Reprocessing task structure
1/11/2012 Under Construction
TASK FUNCTION
Task Overview
Each Fermi data run corresponds to a single top-level stream of this task. The task structure is fairly simple, with various short bookkeeping steps, and two 'heavy lifters': processClump.py runs Gleam; 'mergeClumps.py' merges run fragments and produces any final data products. Depending on the task configuration, these two job steps may be substantial (xlong queue) or trivial (short queue).
To date, general reprocessing has been done with two independent and sequential pipeline tasks. The first task runs Gleam and produces all desired ROOT files. The second task reads in MERIT files and produces all desired FITS files. This task separation is done to better match the needs of a reprocessing life-cycle most efficiently: development, validation, and resource management while the tasks are running. It also avoids a certain amount of unnecessary job duplication when rollbacks are necessary.
top-level stream |
sub-stream |
type |
primary function |
|
---|---|---|---|---|
setupRun |
|
py |
|
|
createClumps |
|
jy |
|
|
|
processClump |
py |
|
|
|
clumpDone |
jy |
|
|
setupMerge |
|
jy |
|
|
mergeClumps |
|
py |
|
|
runDone |
|
jy |
|
|
Task Details
setupRun.py
- read & parse 'runList' file
- identify run# and input files for this stream
- calculate #clumps (substreams in subtask)
- create env-vars for subtask
createClumps.jy
- read env-vars
- create task-level pipeline-vars for subTask
- create subStreams (with pipeline-var list)
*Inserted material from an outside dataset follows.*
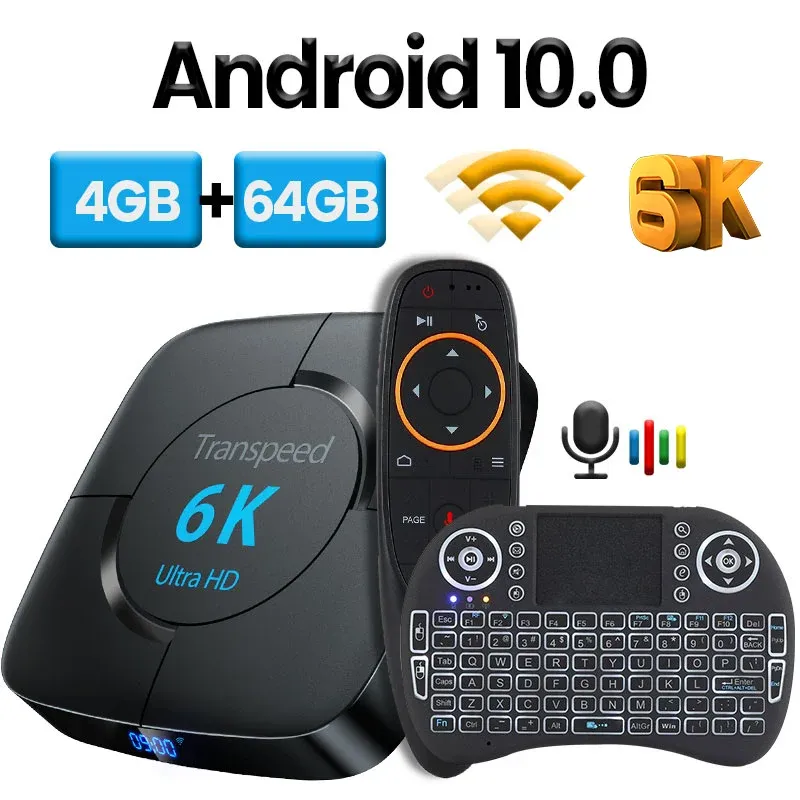 Ontvangers Transpeed Android 10.0 TV Box Voice Assistant 6K 3D Wifi 2.4G 5.8G 4GB RAM 32G 64G Mediaspeler Zeer snelle Box Top Box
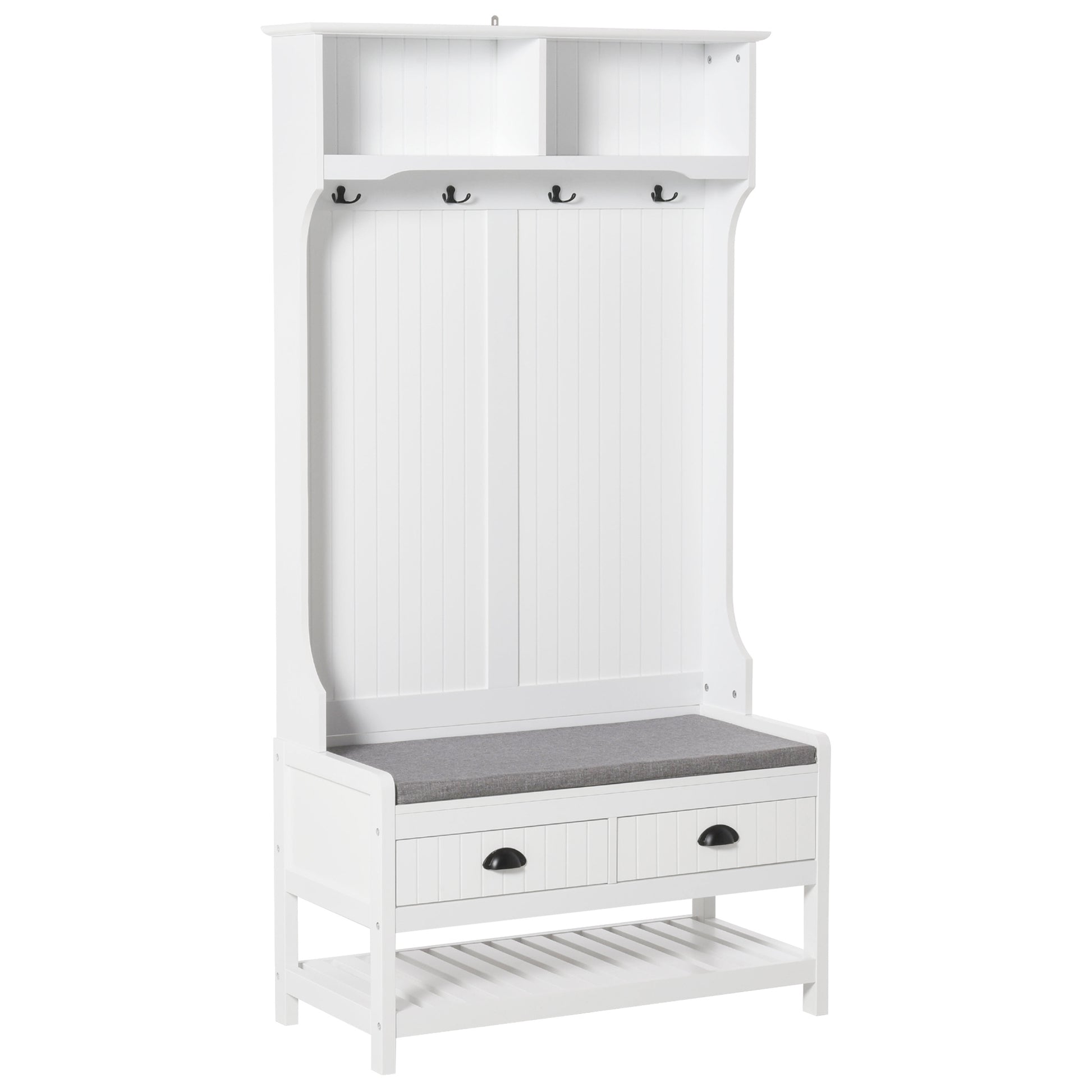 Homcom 3 In 1 Hall Tree, Entryway Bench With Coat Rack, Mudroom Bench With Shoe Rack, 2 Storage Drawers, 4 Hooks And Padded Seat Cushions For Hallway, White White Mdf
[subtask] processClump.py (all parallel analysis processing)
- unpack pipeline-vars (as env-vars)
- define skipEvents/lastEvent for Gleam
[limit # events processed]
infile staging [disabled]
infile slicing (skimmer) [disabled]
- infile env-vars for Gleam
- construct output filenames
- output file staging
- set output file env-vars for Gleam
- prepare .rootrc
- select and stage-in FT2 file
- (Gleam setup)
- select jobOptions file and customize
- Run Gleam
- (SVAC setup)
Run svac [disabled]
Run makeFT1 [disabled]
- Finalize staging
- create new subTask-level pipeline-vars with clump output info
[subtask] clumpDone.jy
- (nothing!)
setupMerge.jy
- unpack task-level pipeline variables
- create new task-level pipeline vars from subTask vars
- create two pipeline files: pipelineVarList.txt and clumpFileList.txt
mergeClumps.py
- open and read the two pipeline files, store in dicts
- stage in FT2 file
- (merge files)
- create tool-specific lists of files to be merged
- loop over all file types to be merged
- construct new output file name (with proper version)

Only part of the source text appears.